Martin probably will decide Comcast violated at least one Internet principle and that title 1 of the Communications Act authorizes the FCC to enforce the guideline, said commission and industry officials. The Enforcement Bureau probably is waiting until it receives Comcast’s response to a June 12 filing by complainant Free Press to finish its draft, they said. Free Press said the FCC has that authority, and Comcast is expected to say the agency doesn’t. A company spokeswoman declined to comment.

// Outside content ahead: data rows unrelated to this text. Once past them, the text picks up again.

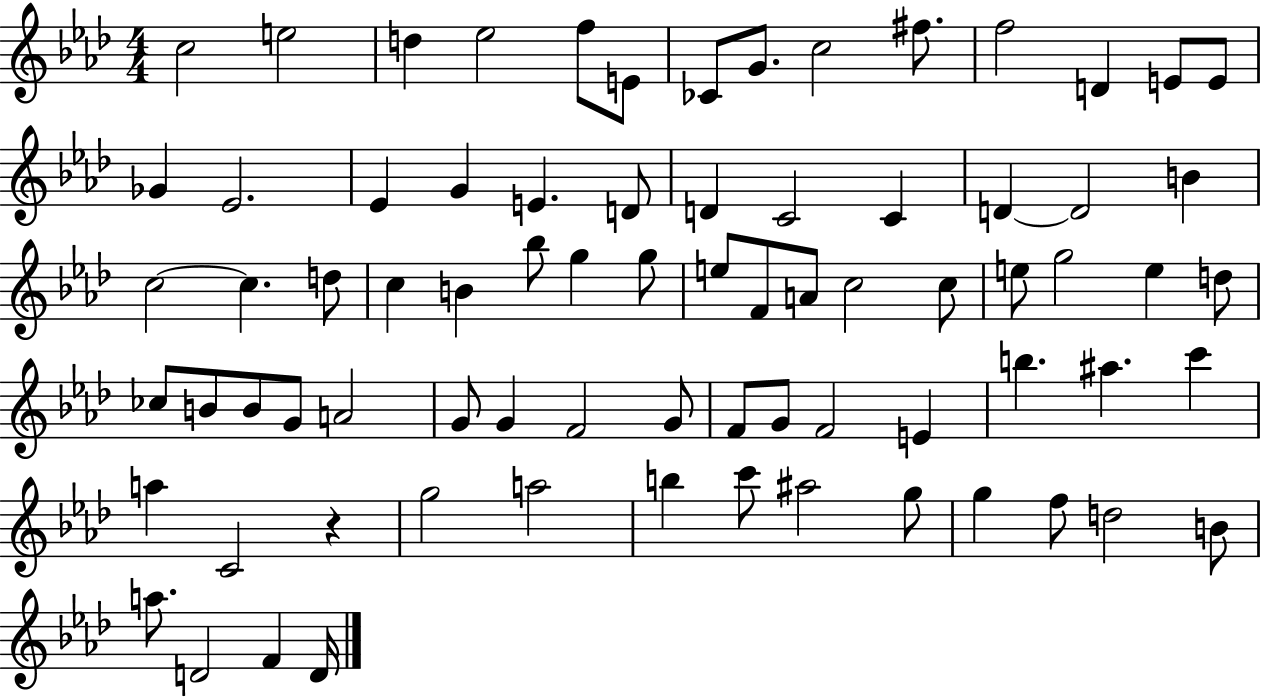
{
  \clef treble
  \numericTimeSignature
  \time 4/4
  \key aes \major
  c''2 e''2 | d''4 ees''2 f''8 e'8 | ces'8 g'8. c''2 fis''8. | f''2 d'4 e'8 e'8 | \break ges'4 ees'2. | ees'4 g'4 e'4. d'8 | d'4 c'2 c'4 | d'4~~ d'2 b'4 | \break c''2~~ c''4. d''8 | c''4 b'4 bes''8 g''4 g''8 | e''8 f'8 a'8 c''2 c''8 | e''8 g''2 e''4 d''8 | \break ces''8 b'8 b'8 g'8 a'2 | g'8 g'4 f'2 g'8 | f'8 g'8 f'2 e'4 | b''4. ais''4. c'''4 | \break a''4 c'2 r4 | g''2 a''2 | b''4 c'''8 ais''2 g''8 | g''4 f''8 d''2 b'8 | \break a''8. d'2 f'4 d'16 | \bar "|."
}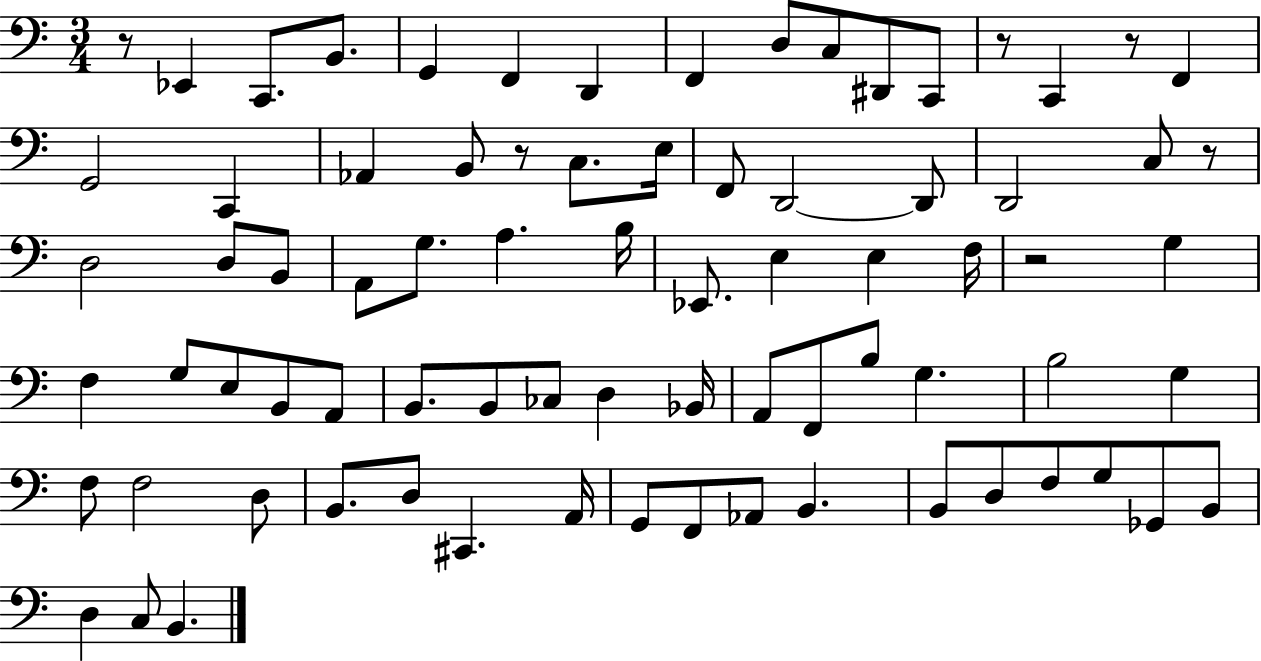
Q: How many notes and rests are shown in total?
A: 78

The FCC is “still considering all pleadings and the best course of action,” said a spokeswoman, declining to discuss timing or other details. Martin consistently has said the commission has authority to enforce the Internet freedom principles under title 1, and that authority has been upheld by the Supreme Court, she said. Martin has pushed for consumer rights in which ISPs clearly describe any limits on use of the bandwidth they buy, she added. Martin has signaled that if ISPs slow content, they must show they do so for all applications providers. “While we pursue policies to spur competition among broadband platforms, we must also work to preserve the open character of the Internet,” Martin told a June 17 meeting of the Organisation for Economic Co- Operation and Development meeting in Seoul, South Korea. The FCC released the remarks Tuesday.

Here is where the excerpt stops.